The grammar below describes a simple toy language called Cold Beer and will serve as a quick introduction to the ParseKit grammar syntax. The rules of the Cold Beer language are as follows. The language consists of a sequence of one or more sentences beginning with the word «cold» followed by a repetition of either «cold» or «freezing» followed by «beer» and terminated by the symbol «.».

For example, each of the following lines are valid instances of the Cold Beer language (as is the example as a whole):

    cold cold cold freezing cold freezing cold beer.
    cold cold freezing cold beer.
    cold freezing beer.
    cold beer.

The following lines are not valid Cold Beer statements:

    freezing cold beer.
    cold freezing beer
    beer.

Here is a complete ParseKit grammar for the Cold Beer language.

    @start = sentence+;
    sentence = adjectives 'beer' '.';
    adjectives = cold adjective*;
    adjective = cold | freezing;
    cold = 'cold';
    freezing = 'freezing';

As shown above, the ParseKit grammar syntax consists of individual language production declarations separated by «;». Whitespace is ignored, so the productions can be formatted liberally with whitespace as the programmer prefers. Comments are also allowed and resemble the comment style of Objective-C. So a commented Cold Beer grammar may appear as:

    /*
        A Grammar for the Cold Beer Language
        by Todd Ditchendorf
    */
    @start = sentence+;     // outermost production
    sentence = adjectives 'beer' '.';
    adjectives = cold adjective*;
    adjective = cold | 'freezing';
    cold = 'cold';
    freezing = 'freezing';

Individual Grammar Production Syntax

Every ParseKit grammar must contain one and only one production named @start. This will be the highest-level or outermost production rule in the language. For Cold Beer, the outermost production is:

    @start = sentence+;

Which states that the outermost production of this language consists of a sequence of one or more («+») instances of the sentence production.

    sentence = adjectives 'beer' '.';

The sentence production states that sentences are a sequence of the adjective production followed by the literal strings beer and .

    adjectives = cold adjective*;

In turn, adjectives is a sequence of a single instance of the cold production followed by a repetition («*» read as ‘zero or more’) of the adjective production.

    adjective = cold | freezing;
    cold = 'cold';
    freezing = 'freezing';

The adjective production is an alternation of either an instance of the cold or the freezing production. The cold production is the literal string cold and freezing the literal string freezing.

Grouping

A language may be expressed in many different, yet equivalent grammars. Productions may be referenced in any order (even before they are defined) and grouped using parentheses («(» and «)»).

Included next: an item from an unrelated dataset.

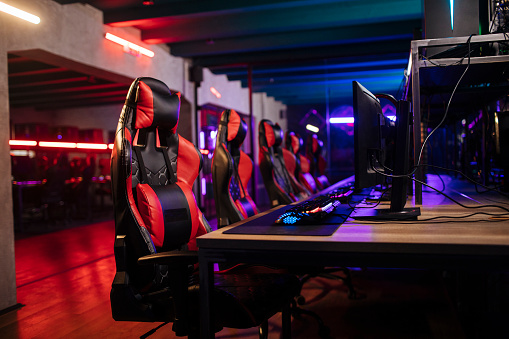 Photo of gaming chairs and computers in a cybersports arena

For example, the Cold Beer language could also be represented by the following grammar:

    @start = ('cold' ('cold' | 'freezing')* 'beer' '.')+;

Instantiating Grammar Parsers in Objective-C

Create an Objective-C PKParser object by providing the grammar as an NSString and an assembler object (in this example, self).

  NSString *g = ... // fetch your grammar from a file on disk
  PKParser *parser = nil;
  parser = [[PKParserFactory factory] parserFromGrammar:g assembler:self];
  NSString *s = @"cold freezing cold beer.";
  [parser parse:s];

The provided assembler object will receive callbacks whenever one of the language grammar productions is matched — if the callback method is implemented in the assembler object.

For example, an assembler for the Cold Beer language grammar above will receive the following callbacks if implemented:

    - (void)didMatchSentence:(PKAssembly *)a;
    - (void)didMatchAdjectives:(PKAssembly *)a;
    - (void)didMatchAdjective:(PKAssembly *)a;
    - (void)didMatchCold:(PKAssembly *)a;
    - (void)didMatchFreezing:(PKAssembly *)a;

The PKAssembly argument will have the most-recently matched tokens on the top of its stack.

To prevent leaks when releasing a PKParser created via PKParserFactory, one final step is required:

          PKParser *parser = nil;
          parser = [[PKParserFactory factory] parserFromGrammar:g assembler:self];
          ... // do parsing
          // when you are done with the parser, this function must be called before releasing
          PKReleaseSubparserTree(parser);
          [p release]

Most non-trivial language grammars define circular relationships in their production rules. The call to PKReleaseSubparserTree() is required to prevent Objective-C retain cycle leaks where the PKParser objects representing different rules in your grammar have strong references to one another.